The Articles of the Mandate for Palestine confirmed the intent of the 1917 Balfour Declaration, the statement of British support for “the establishment in Palestine of a national home for the Jewish people.” It also included the special privileges granted to the Jewish community in Palestine, which had begun in 1918 with the appointment of the Zionist Commission headed by Chaim Weizmann. The commission looked after the interests of the small and impoverished Jewish community and made some official contacts with local and regional Arab political leaders.

By April 1920, Jews made up eleven percent of the population of Palestine, and anti-Zionist riots broke out in Jerusalem, killing several and injuring many. In July, the existing British military administration was replaced by a civilian administration led by Sir Herbert Samuel, who was Jewish, as the High Commissioner. Samuel proceeded to implement the Balfour Declaration and announced a quota of 16,500 Jewish immigrants for the first year.

Winston Churchill speaking at the future site of the Hebrew University, 29 March 1921

To help Churchill focus on the Middle East, a Middle East Department was set up in the Colonial Office.
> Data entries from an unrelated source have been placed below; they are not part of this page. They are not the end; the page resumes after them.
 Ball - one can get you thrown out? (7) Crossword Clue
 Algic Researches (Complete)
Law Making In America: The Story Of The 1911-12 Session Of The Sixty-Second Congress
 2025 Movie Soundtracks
John Shuckburgh, who had served for twenty-one years in the India Office political department, was head of its civil service.
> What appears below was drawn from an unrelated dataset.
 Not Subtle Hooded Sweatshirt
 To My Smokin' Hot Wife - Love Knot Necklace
Churchill also appointed T. E. Lawrence, known as Lawrence of Arabia, as his advisor on Arabian Affairs. Lawrence was renowned for his role during the First World War in the Arab Revolt (1916–1918) and in the Sinai and Palestine Campaign (1915–1918) against the Ottoman Empire.

In April 1921, Churchill prepared to leave London for Cairo and Jerusalem to determine the nature of British rule in both the Palestine and Iraq Mandates. Churchill had set aside four weeks for the task, which included visits to Jewish towns and villages in Palestine.

Before Churchill left London, his three senior Middle East advisers—Lawrence, Shuckburgh, and Major Hubert Young, who, like Lawrence, had helped the Arab forces during the revolt against the Turks—informed him there was no conflict between Britain’s wartime pledges to the Arabs and to the Jews.

In 1915, the Arabs were promised “British recognition and support for their independence” in the Turkish districts of Damascus, Hama, Homs, and Aleppo—each of which was mentioned in the promise—but did not include Palestine or Jerusalem. Two years later, Britain promised a national home for the Jewish people of Palestine; however, there was no mention of specific borders.

Accordingly, if the land east of the River Jordan became an Arab state, and the land west of the Jordan up to the Mediterranean Sea became the area of the Jewish National Home, both of Britain’s pledges would be fulfilled.

The Cairo Conference

Churchill left London for Egypt on the evening of Tuesday, 1 March 1921. He travelled by train to Marseille and was joined there by Clementine. They continued by steamship to Egypt and arrived on Wednesday, 9 March.

When Churchill arrived in Cairo, he avoided a hostile demonstration by students who were waiting for him at the station by leaving the train a few miles outside the city and motoring to his hotel.1 Small sporadic anti-Churchill demonstrations took place in Alexandria on Tuesday and Wednesday.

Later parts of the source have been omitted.